I've found this time and again, that the sense of wonder, of surprises waiting around every corner, the sense of accomplishment that I had with Ads - these do apply to Y as well, just in a highly diluted form. Or put it another way, been there, done that. With Ads, one exclaimed over every new achievement and felt the same upsurge of emotion in the heart. With Y, one still exclaims (!) but in the heart, we just take it in our stride. She was also always a little more advanced for her age than Ads, who always did things bang on time, not a week less, nor a month more. We still call him our babycenter baby because he used to hit his milestones just around the same time that babycenter sent us a mail telling us to expect that particular milestone :) Because she was so precocious, we got used to her punching above her weight. I often think we have been so unfair. We expect her to do more than she should. But when she does, we never give her the credit for it!

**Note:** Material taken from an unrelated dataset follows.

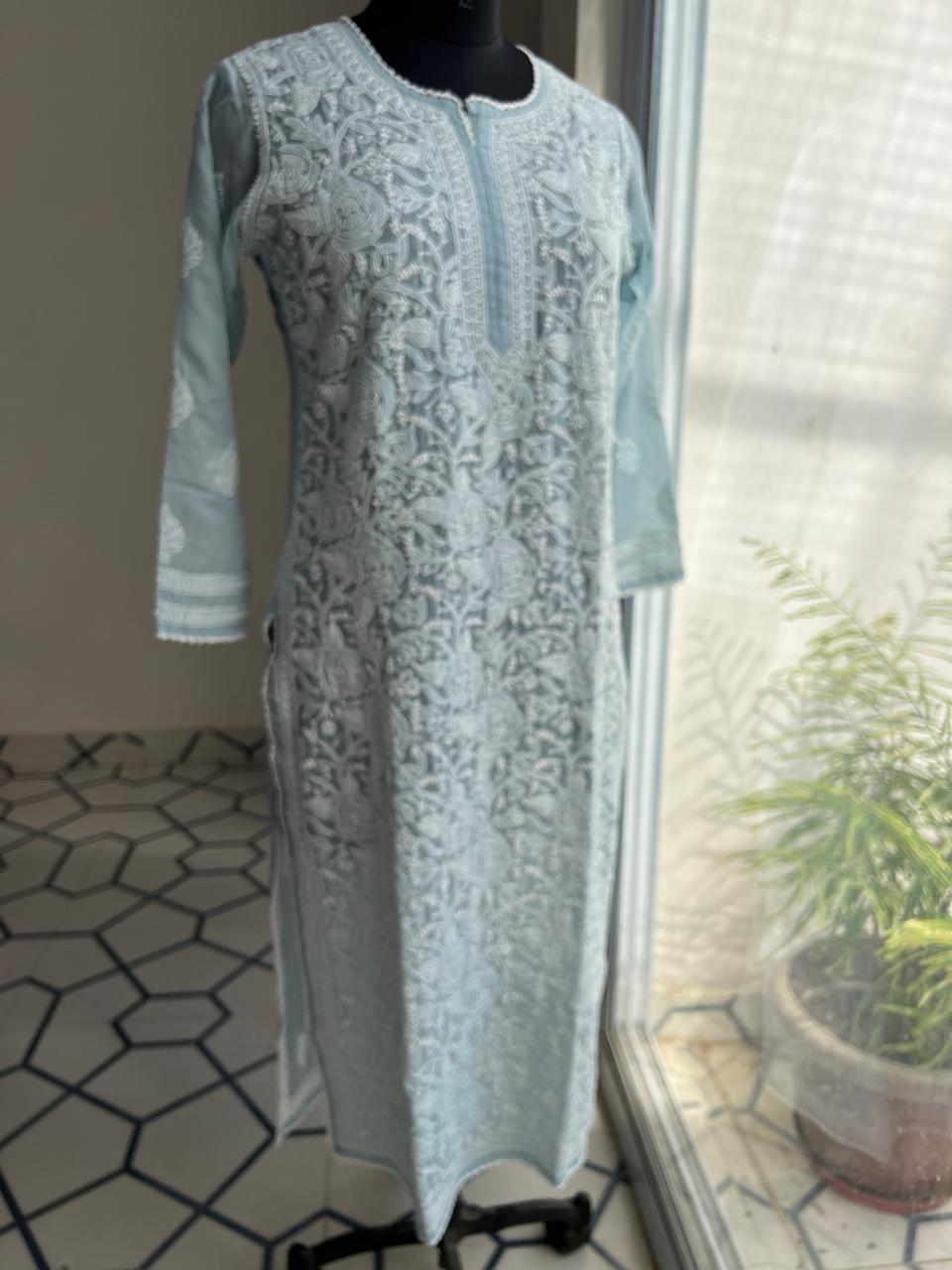 Grey Cotton Rose Jaal kurti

Anyway, our 3 year old has been going through some personal crises lately. I had blogged earlier how she was going to school quite happily and with no fuss . But then there was the kid who was hitting her, pulling off her glasses etc and she got petrified of encountering him in class. That matter got sorted out after a chat with the teacher but Y continued to dissolve into tears every time her school van came to pick her up, and sometimes even in school. She went off her food and became very quiet and withdrawn, not even playing with her friends in the complex. This continued for about a month. Over the last few days, there has been some improvement. She is eating a lot better, starting to be more social, less clingy, and so on. I was telling one of my friends that Y is passing thro some 'phase' and she promptly said "Yaar, mujhe in phases se bahut dar lagta hai!" (Translation: These phases scare me!)

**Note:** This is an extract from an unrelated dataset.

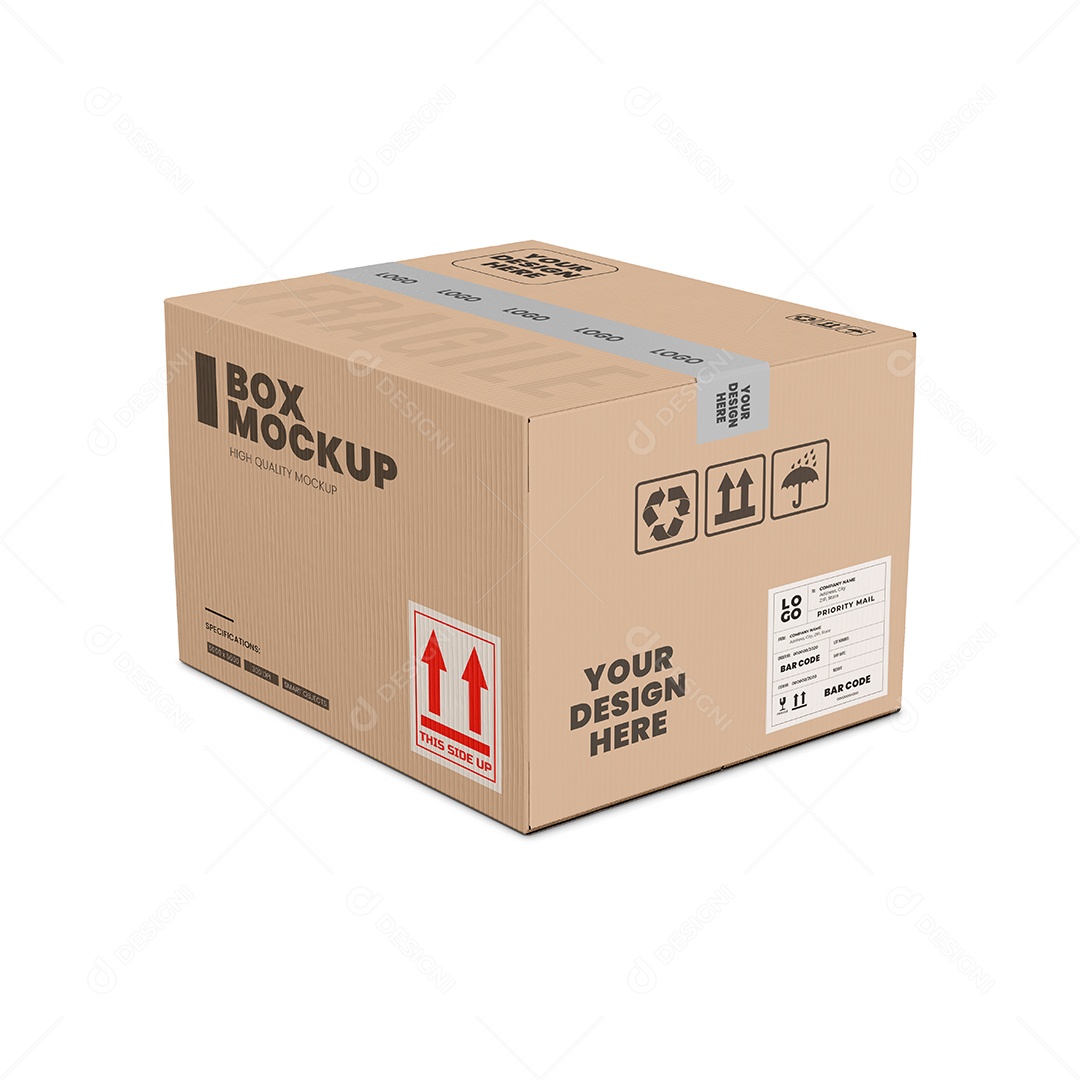 Caixa de papelão de entrega Mockup PSD editável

Another thing that is putting her off school is the language barrier. Tamil is her strongest language and she cannot communicate anywhere at that level of fluency in either English or Hindi, although she is slowly learning both. I've seen Ads encounter the same problem in his school in the US, where he was one of the few kids who knew very rudimentary English when starting off. So I am confident Y will vault over this particular barrier sooner rather than later.
My daughter is affectionate (VERY affectionate), very stubborn (wonder where she got THAT from? :)), very bright. She loves dancing, singing, playing the fool, reading, spicy food, especially Punjabi food, nice clothes, handbags, shoes, hairclips and bangles! In short, all the things that make life so pleasurable! She absolutely loves to go out, an area where she is diametrically opposite to my homebody son. She has an amazing zest for life, or as she puts it "I like masti!"
If there is one thing I wish for you, girl, it's this. May the masti never end.